Era el tiempo, en que se les negaba a las nenas y adolescentes de familias humildes ser jugadoras incluso, bajo la posibilidad de ser pagadas sus cuotas sociales y deportivas en los clubes por “padrinos”, porque decían, privaba a la disciplina de la “igualdad”.

Un día, una profesional que trabajaba en la acción social me dijo: “Vos le hacés mucho daño a las nenas, metiéndoles en la cabeza que pueden jugar al hockey. Ellas nunca van a tener el nivel social para jugarlo. Lo que se debe hacer son cursos para enseñarles a ganarse la vida honradamente: cocer, reciclar ropa, lavar, planchar, barrer, limpiar, cuidar niños, cosas que ellas pueden hacer y les van a ser útiles para el mañana”.

Un pensamiento racional que no pocos tienen como modo de caridad y finalidad de la enseñanza. Que tiene de forma encubierta enseñar a estas vidas niñas y adolescentes el destino, voluntariamente: Ser  útiles a quienes las van a necesitar como empleadas, pagándoles lo mínimo posible y les asegura que aunque trabajen cien horas por día, el destino es inmodificable.

Lo que me quiso decir es que miles de mujeres nacen sólo para ser sirvientas. Y de esa manera ser siempre pobres y analfabetas funcionales sociales. Para no pocos, ese es el destino marcado por la divinidad que profesan y la caridad consecuente.

Una chica venida de la norteña localidad santafesina de Margarita, sentada en el colectivo, mientras regresábamos a la ciudad luego de ganar un campeonato me dijo: “Los que les duele es ver que les ganamos. Que el hockey nos da la fuerza del corazón para demostrarles que no sólo somos negras y pobres. No sienten dolor profe, sienten vergüenza. Lo que les pesa es ver que todo lo que les enseñaron en sus casas no es cierto. Que nosotras también podemos aprender, luchar, ser un equipo y ganar campeonatos”. Formada en el duro norte santafesino, fue la única vez que la ví llorar de alegría.

Pasaron los años y el hockey ganó las capas más bajas económicamente de la sociedad de todo el país. También en nuestra región. Las jugadoras morochas y de flaca billetera familiar fueron cada vez más comunes. Son centenares, miles.

Hace muchos años, en el Club San Martín de la Ciudad Autónoma de Buenos Aires, éramos sesenta entrenadores de todo el país.
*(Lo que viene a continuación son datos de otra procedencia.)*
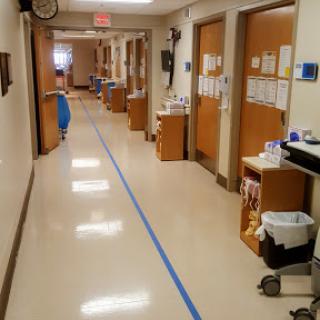 A clean hospital hallway with blue tape marking the floor.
Invitados especiales por la Confederación Argentina de Hockey.

La carta invitación llegó una mañana a casa para mi sorpresa, con la firma del neurocirujano Díaz, presidente de la CAH, desde la  Ciudad de Buenos Aires.

Gabriel Minadeo y “Cachito” Vigil eran los formadores, entre otros.

Lo que se pretendía era evitar el “aburguesamiento” del hockey y darle ese “espíritu de rebeldía” que tienen las clases medias y bajas.

La Confederación Internacional de Hockey sobre Césped sostenía económicamente  en el mundo un plan de inclusión de las clases medias y bajas de los países. Fue hace más de 20 años. Era el inicio de una nueva etapa en el hockey argentino.

Si el deporte no libera las potencialidades del corazón de una niña o de una adolescente, el alma se encarcela en un imperio -divino y mentiroso- de la cultura del que manda convencido que hay millones de niñas que nacieron para su servicio.

Un premio Nobel de economía dijo una vez: “De 10 pobres inteligentes y capaces, 9 seguirán siendo pobres. De 10 ricos bobos, 9 seguirán siendo ricos”.

La educación en la libertad  enseña a ver la diferencia. Es pisar el primer escalón como ser humano y mujer. Eso es lo que les molesta a los sectores dominantes. Porque esa educación es ponerle piernas al paralítico.